I find these examples helpful because they suggest a way of resisting the temptation to treat consciousness as a mysterious extra ingredient. Consciousness may not be a separate substance or detachable property sitting behind cognition. It may instead be a way that certain cognitive capacities are organized and exercised. Perception, memory, attention, self-monitoring, planning, affect, and reportability may together form the kind of system in which conscious states can exist.
That is why I think machine consciousness is achievable through computation and AI systems, at least in principle. If the relevant functional organization can be implemented computationally, then a machine could instantiate the patterns that matter for consciousness.

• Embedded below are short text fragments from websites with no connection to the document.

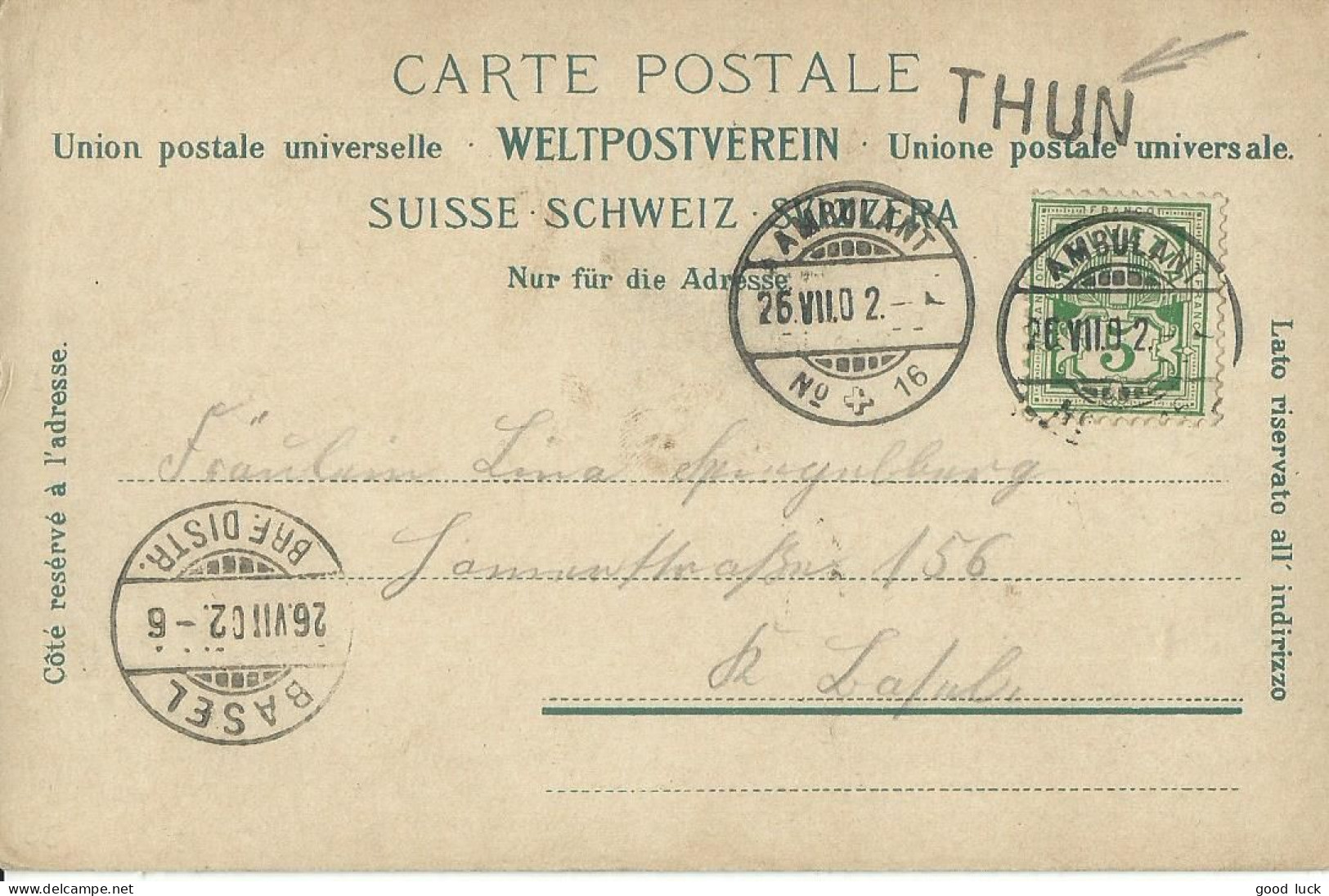 SUISSE  CARTE  5c MARQUE LINEAIRE THUN + AMBULANT N° 16 POUR BALE DE 1902 LETTRE COVER - Brieven En Documenten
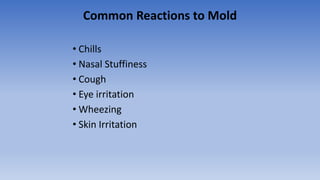 Common Reactions to Mold
• Chills
• Nasal Stuffiness
• Cough
• Eye irritation
• Wheezing
• Skin Irritation
 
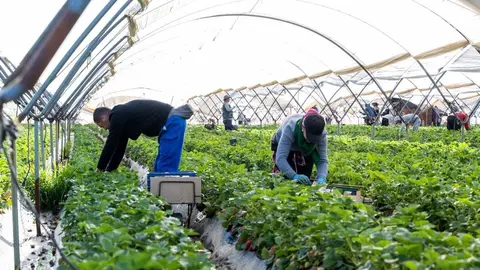 Optimismo en Huelva: "Se llegar&aacute; al mejor acuerdo para Do&ntilde;ana y los agricultores"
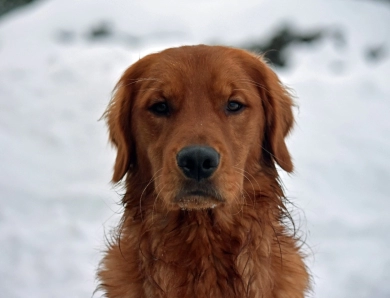 Blue Moon Acres' Gunner Golden Retriever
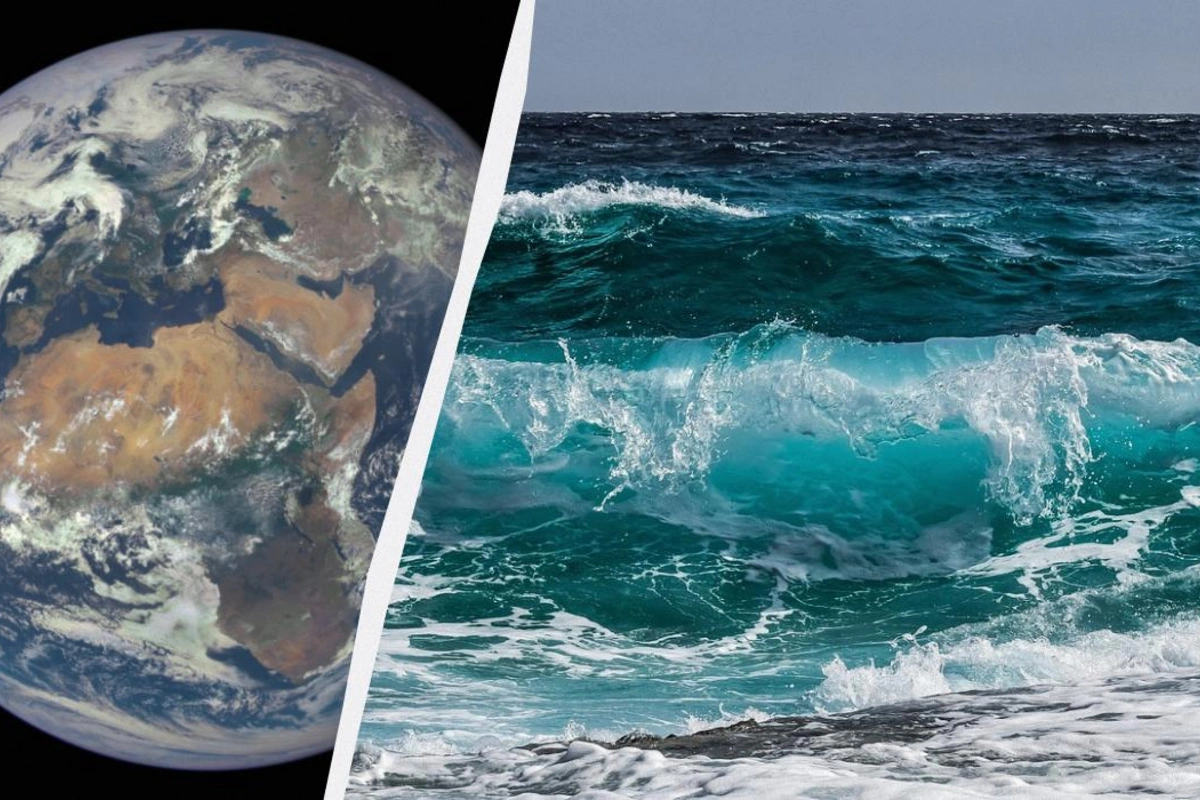 What will happen if all life in the ocean disappears? - A disturbing statement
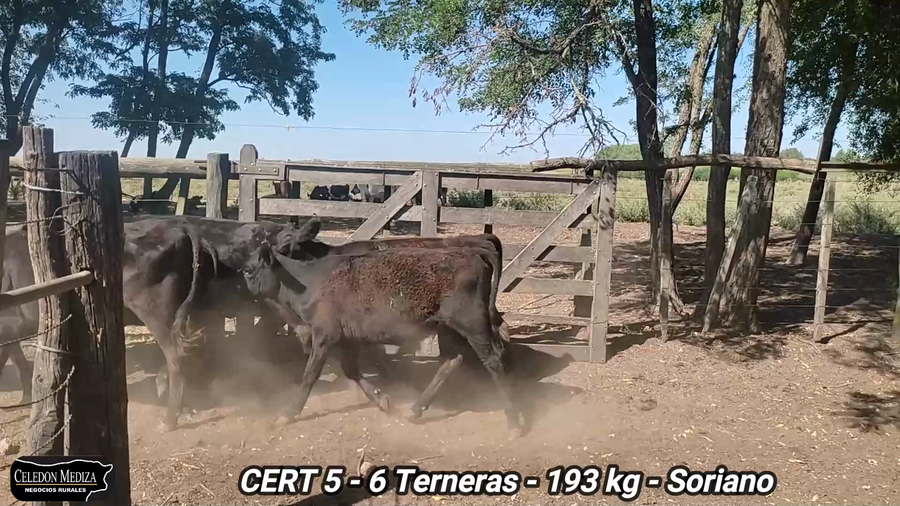 Lote 6 Terneras en Agraciada, Soriano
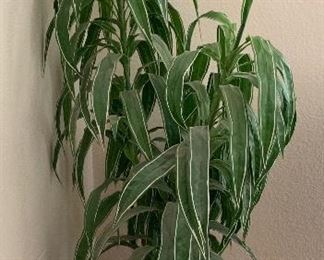 Faux Plant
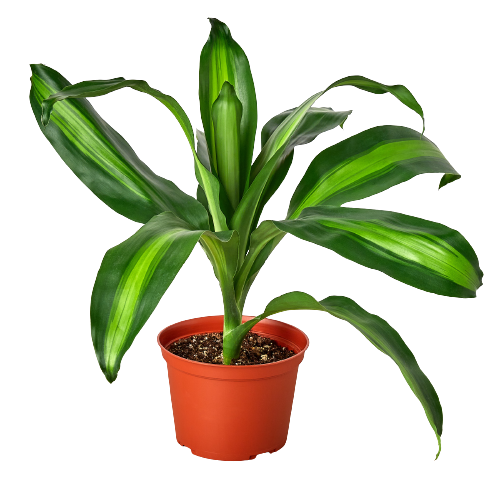 Dracaena Massangeana - Plant Swag Shop 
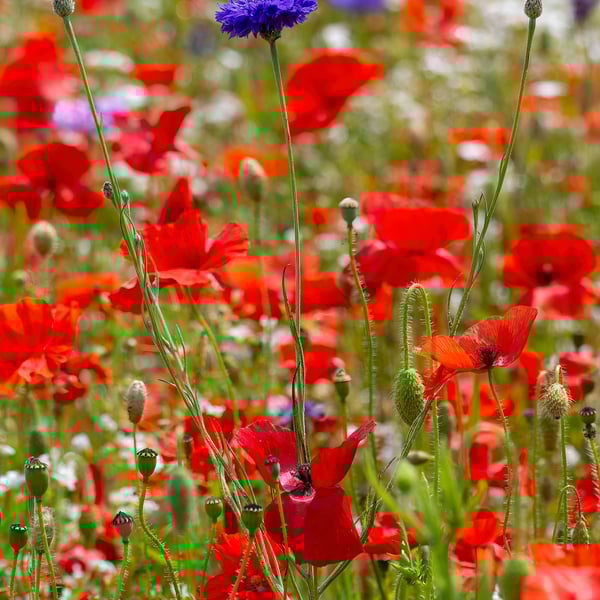 Cornflower amongst a field of Poppies print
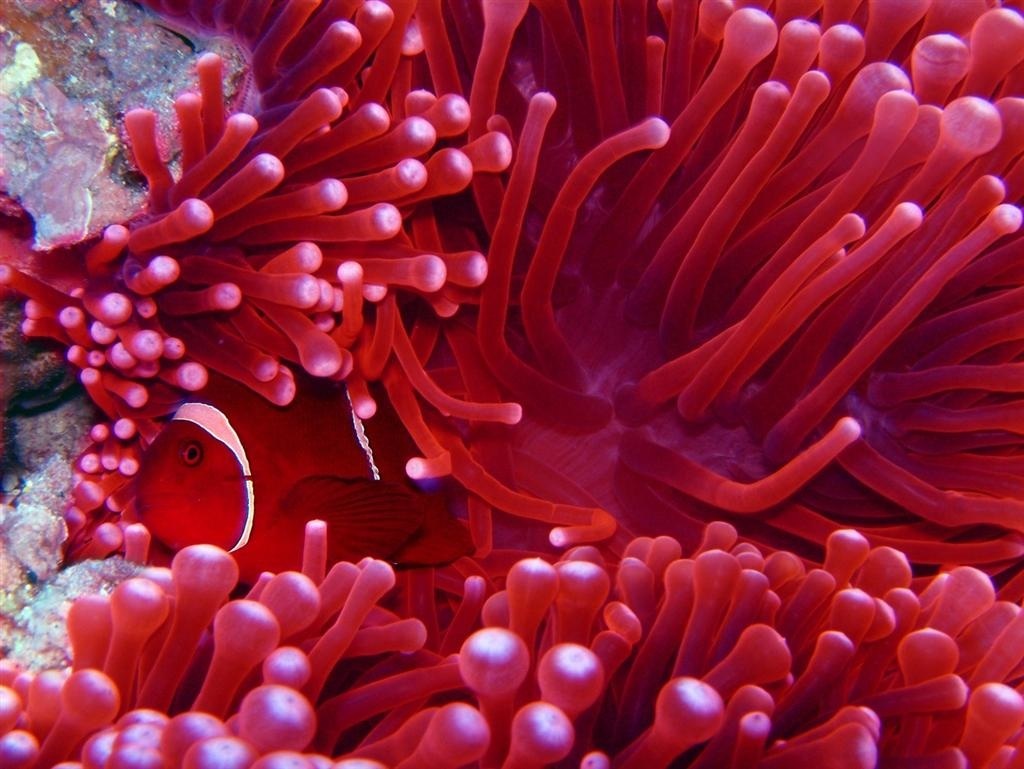 Sea Anemone Wallpapers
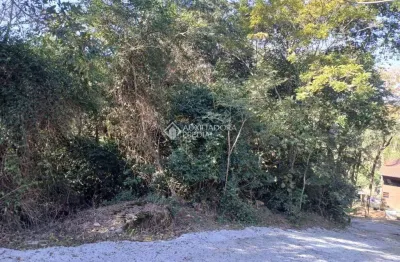 Terreno à venda na pmg 242, 12, encantada, garopaba, 2620 m2 por r$ 372.500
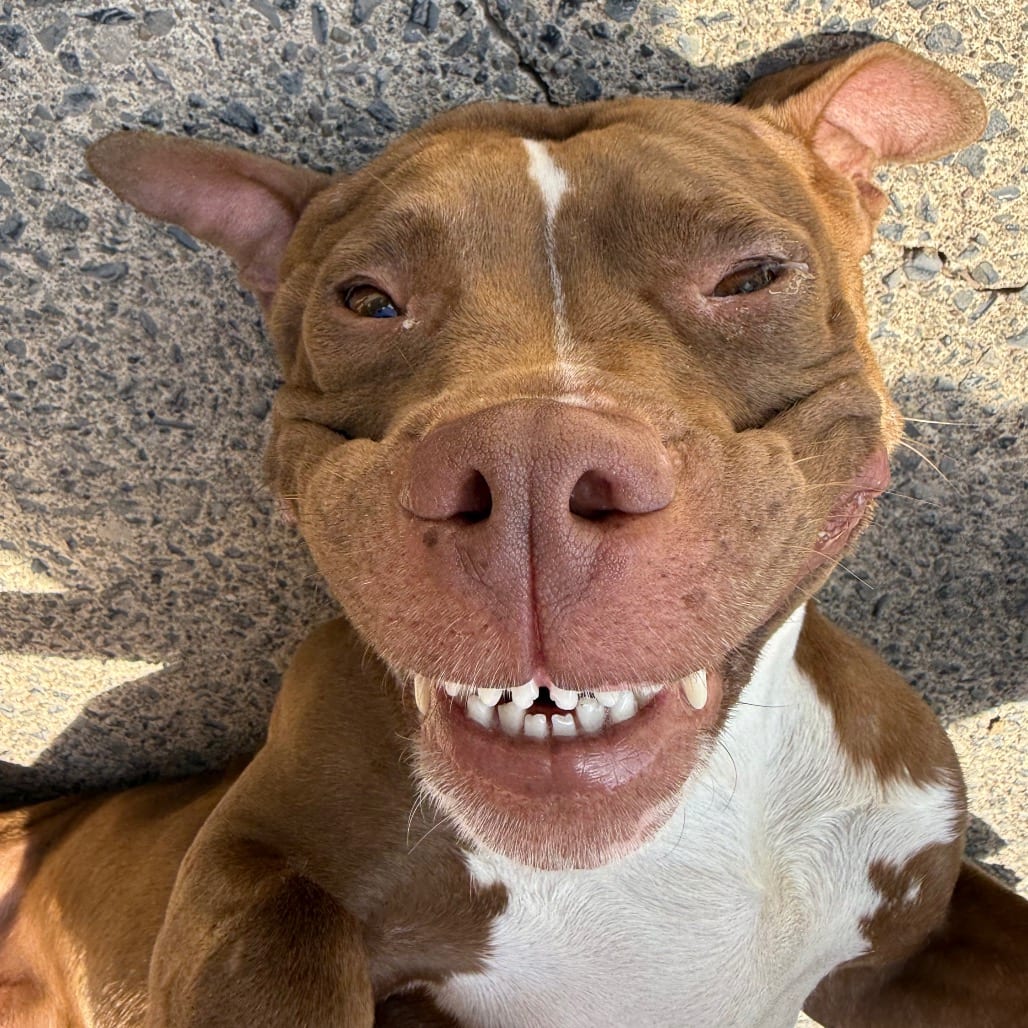 Photo of Josie-67, adoptable Terrier, American Pit Bull in Canastota, New York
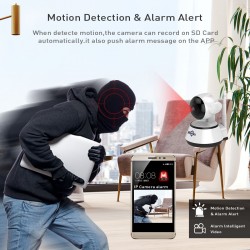 Security IP wireless camera - smart WiFi with 32GB SD cardSecurity cameras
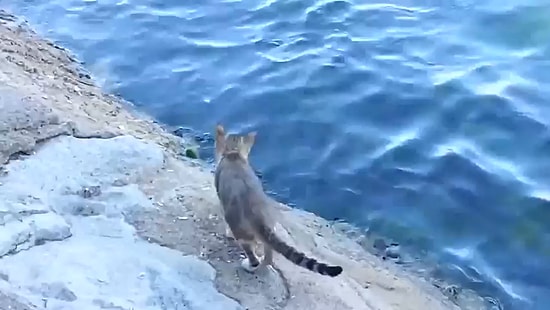 Denizden Kendi Balığını Kendi Avlayan Yetenekli Kedi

This does not mean that every large model is conscious, or that scaling alone settles the question. It means that I do not see biology as a necessary boundary. The important question is whether an artificial system has the right structure, dynamics, and integrated capacities.
I am more of a functionalism person, but I still enjoy reading David Chalmers’ philosophy. His work on the hard problem, philosophical zombies, and the explanatory gap is valuable because it keeps the functionalist view honest. Even if I think computation and AI systems can in principle support consciousness, Chalmers’ arguments are a useful reminder that explaining behavior and information processing may not automatically explain subjective experience.